> [Assignment]
Verbatim output of the lines below is required, with the images omitted.
----
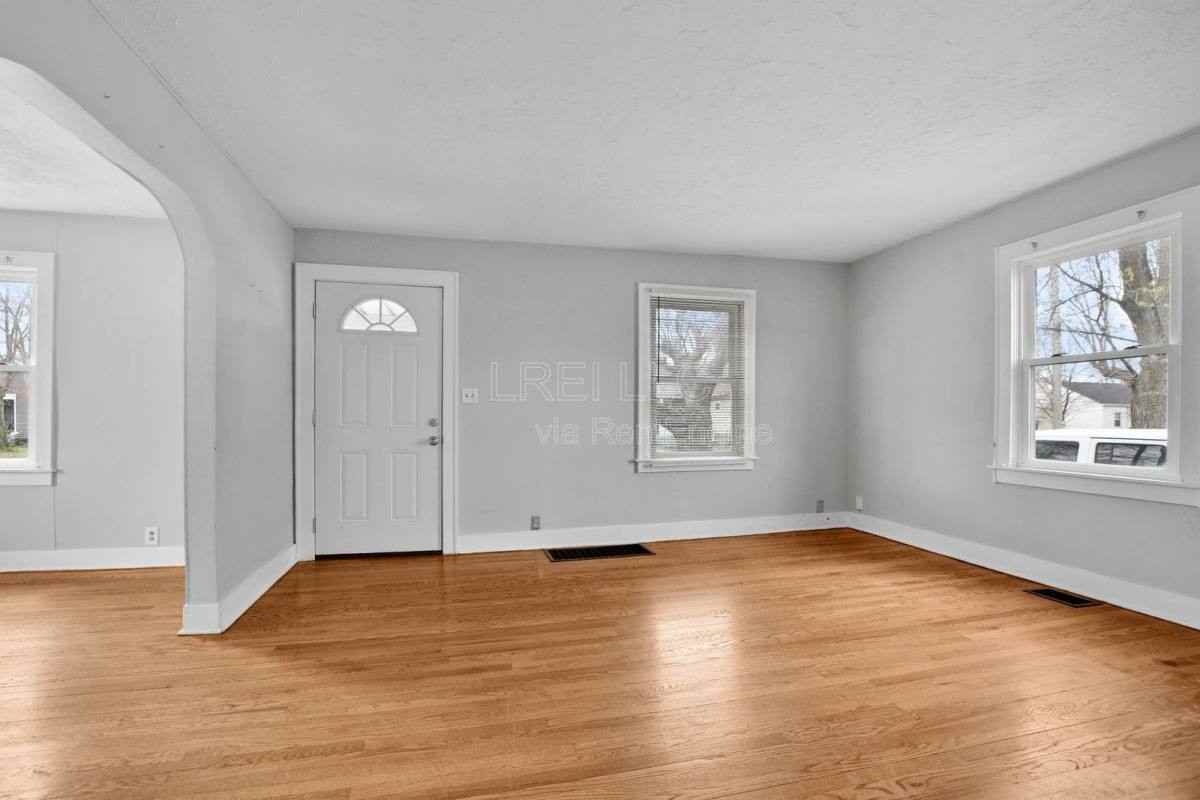 1722 Beechwood Ave - Photo 3 of 10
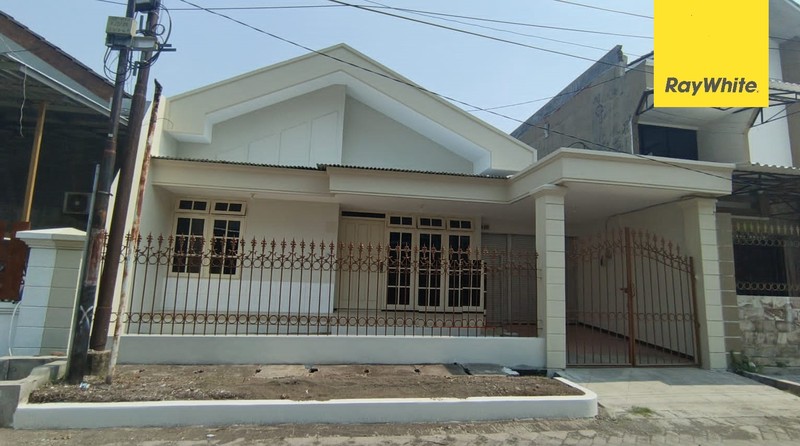 Disewakan Rumah Strategis Area Dharmahusada Dijalan Sutorejo Utara Surabaya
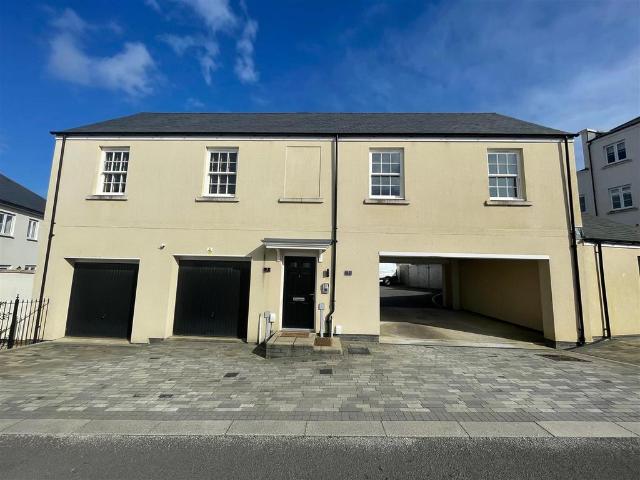 Flat for sale in Sherford, Strode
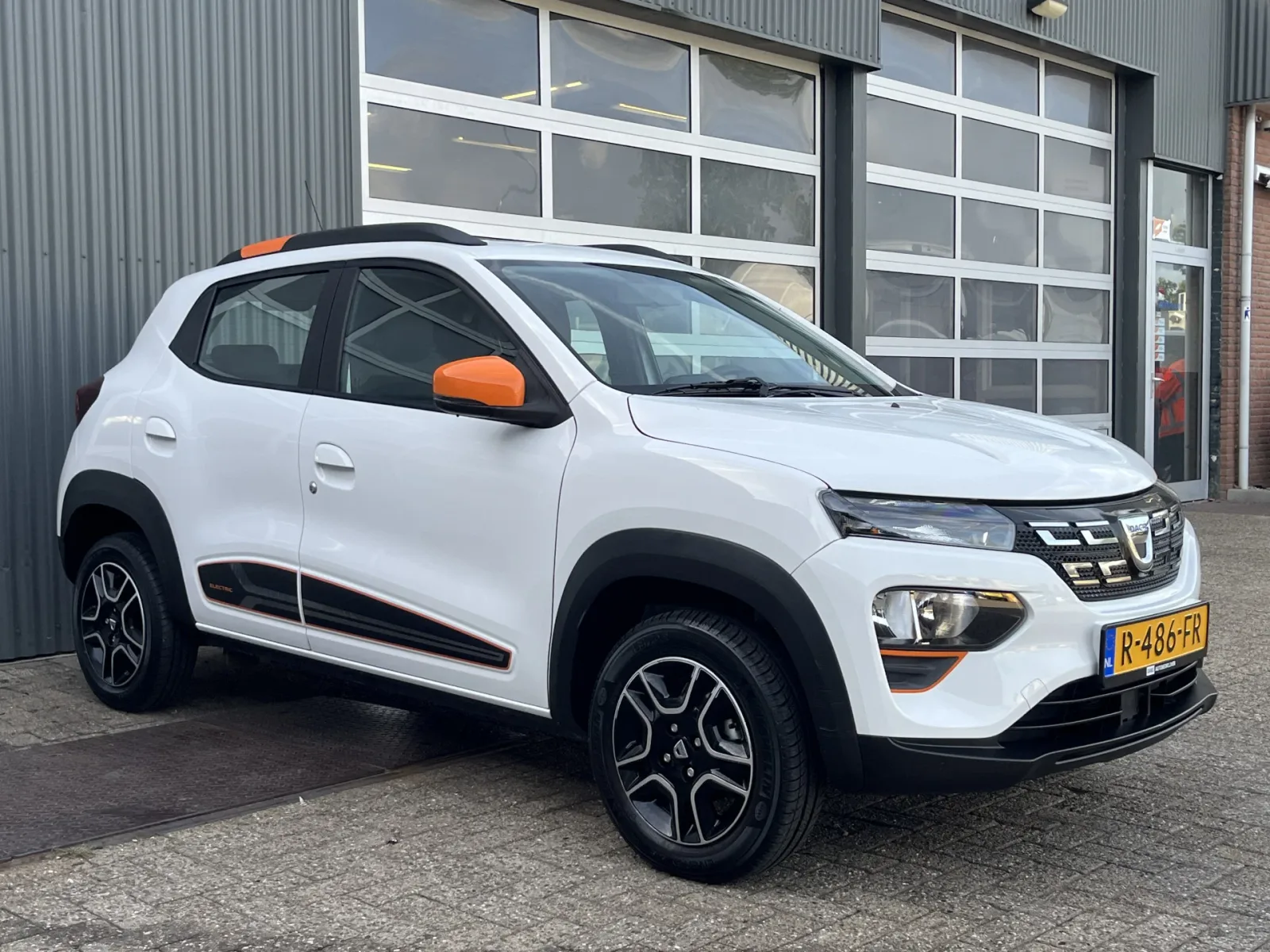 Dacia Spring (2022) — foto 1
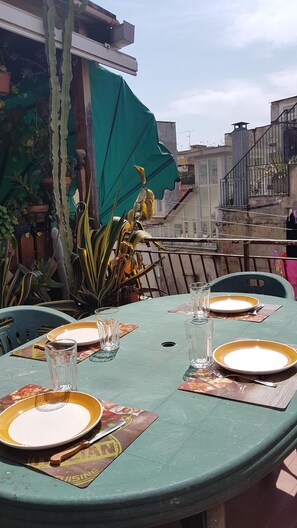 Dining - "THE KINGDOM OF NAPLES" (Napoli)
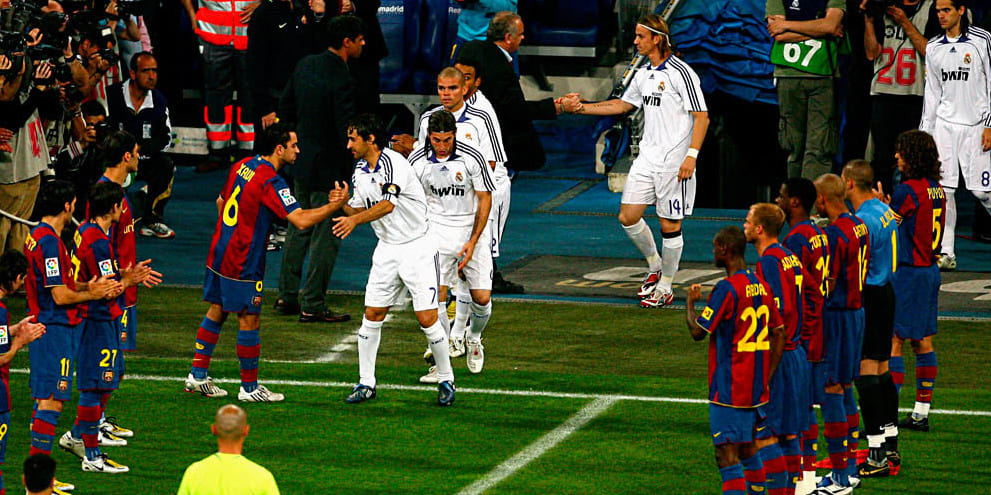 Los Pasillos De Honor Entre Barcelona Y Real Madrid Son Pura Historia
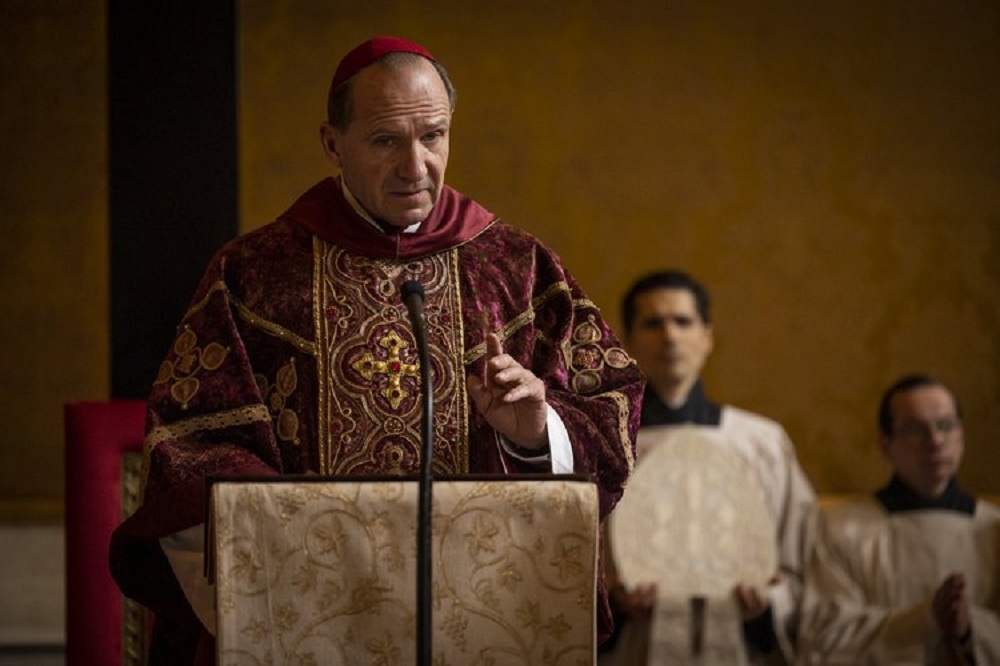 Após morte do papa Francisco, ‘Conclave’ retorna aos cinemas brasileiros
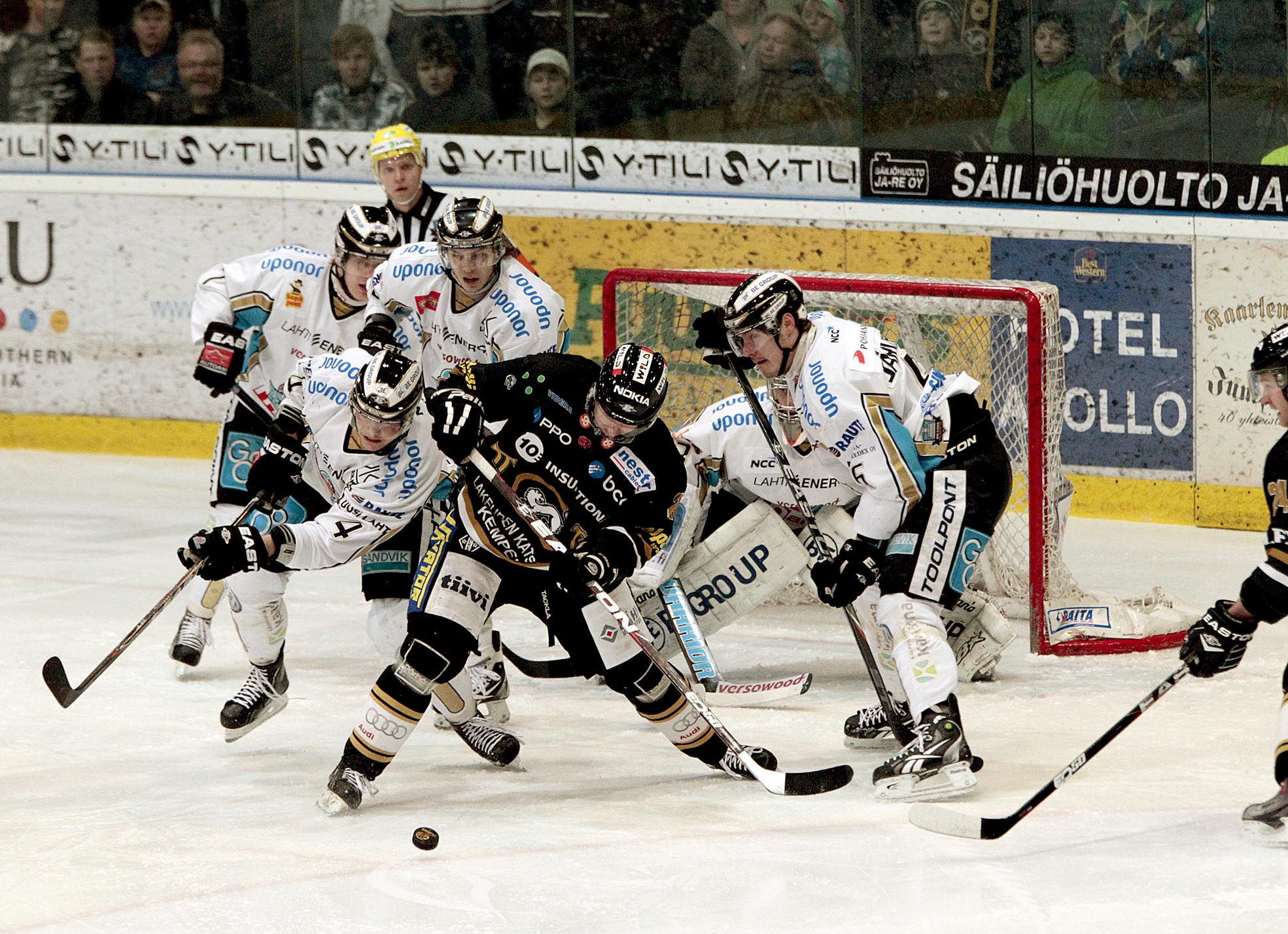 Kärpät ja Pelicans ottavat toisistaan mittaa Raksilassa.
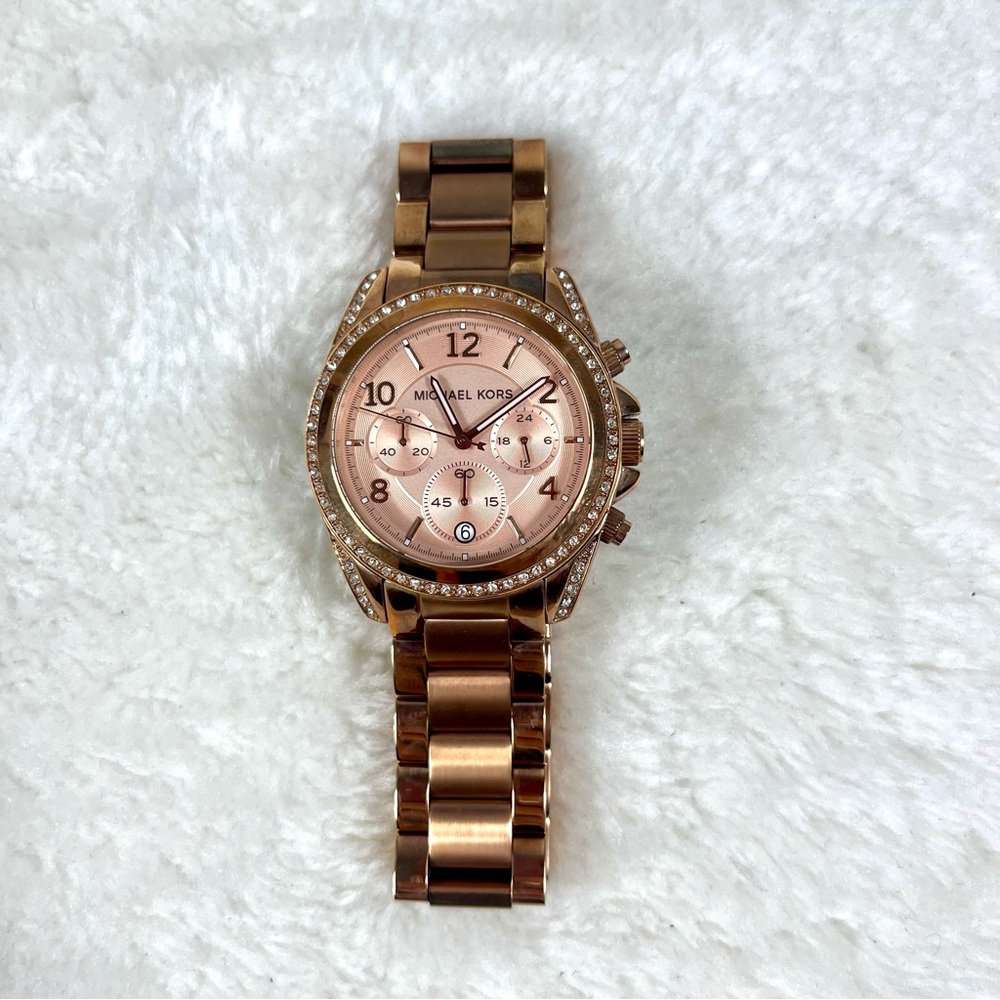 Michael Kors MK5623 Rose Gold Crystals Mini Dylan Ladies Watch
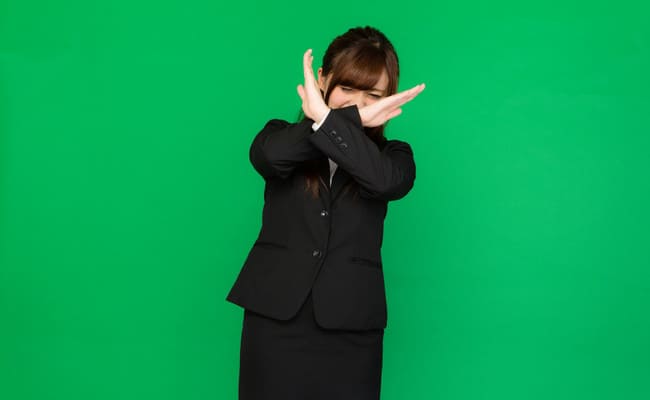 断る社会人女性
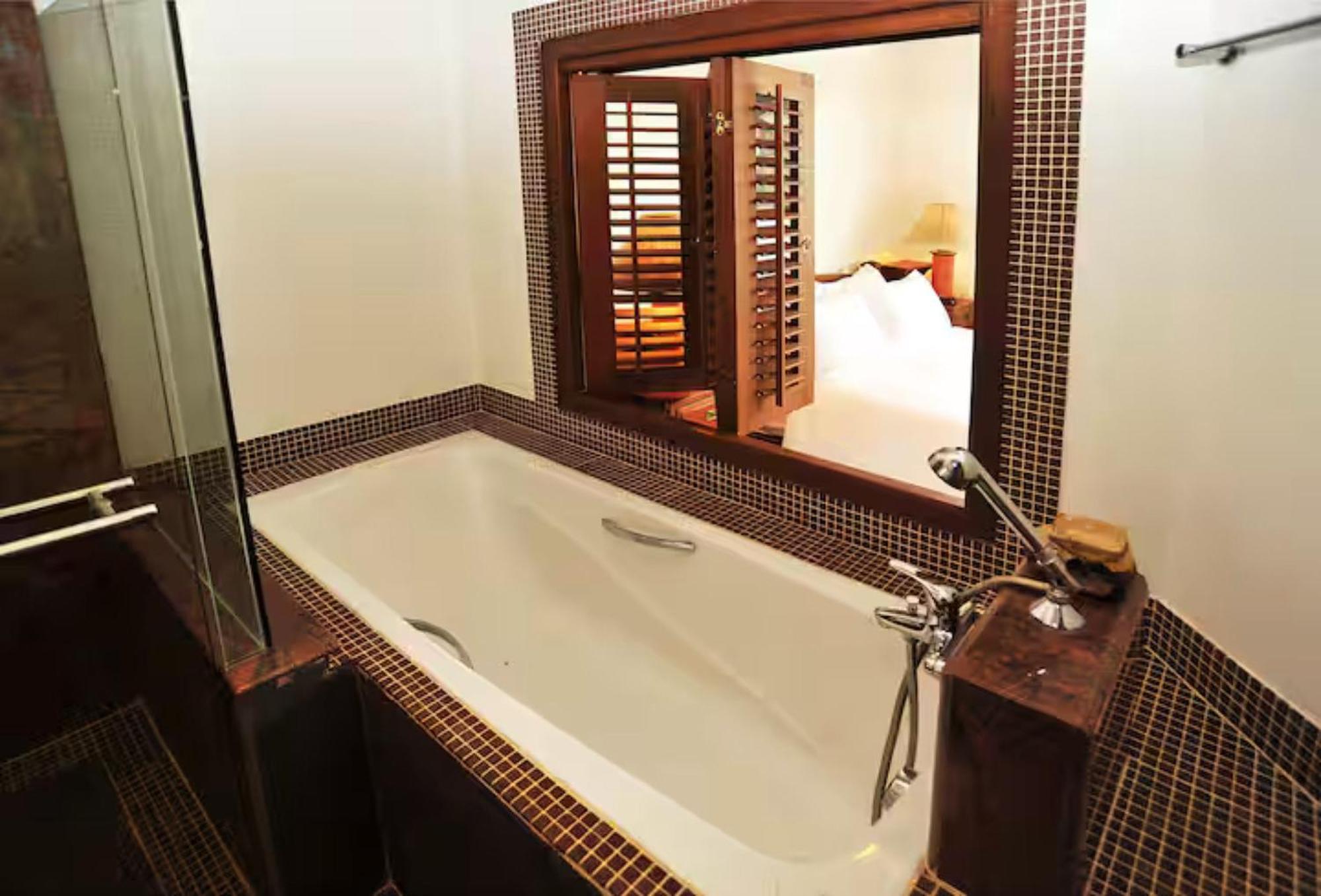 Thai Heritage Villa Melitta Bangrak Bohput, Beach, Pool, Seaviews, 6-Suite, Full Villa, Luxury, Aaa Location Koh Samui Екстериор снимка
----
> [Output]
 1722 Beechwood Ave - Photo 3 of 10
 Disewakan Rumah Strategis Area Dharmahusada Dijalan Sutorejo Utara Surabaya
 Flat for sale in Sherford, Strode
 Dacia Spring (2022) — foto 1
 Dining - "THE KINGDOM OF NAPLES" (Napoli)
 Los Pasillos De Honor Entre Barcelona Y Real Madrid Son Pura Historia
 Após morte do papa Francisco, ‘Conclave’ retorna aos cinemas brasileiros
 Kärpät ja Pelicans ottavat toisistaan mittaa Raksilassa.
 Michael Kors MK5623 Rose Gold Crystals Mini Dylan Ladies Watch
 断る社会人女性
 Thai Heritage Villa Melitta Bangrak Bohput, Beach, Pool, Seaviews, 6-Suite, Full Villa, Luxury, Aaa Location Koh Samui Екстериор снимка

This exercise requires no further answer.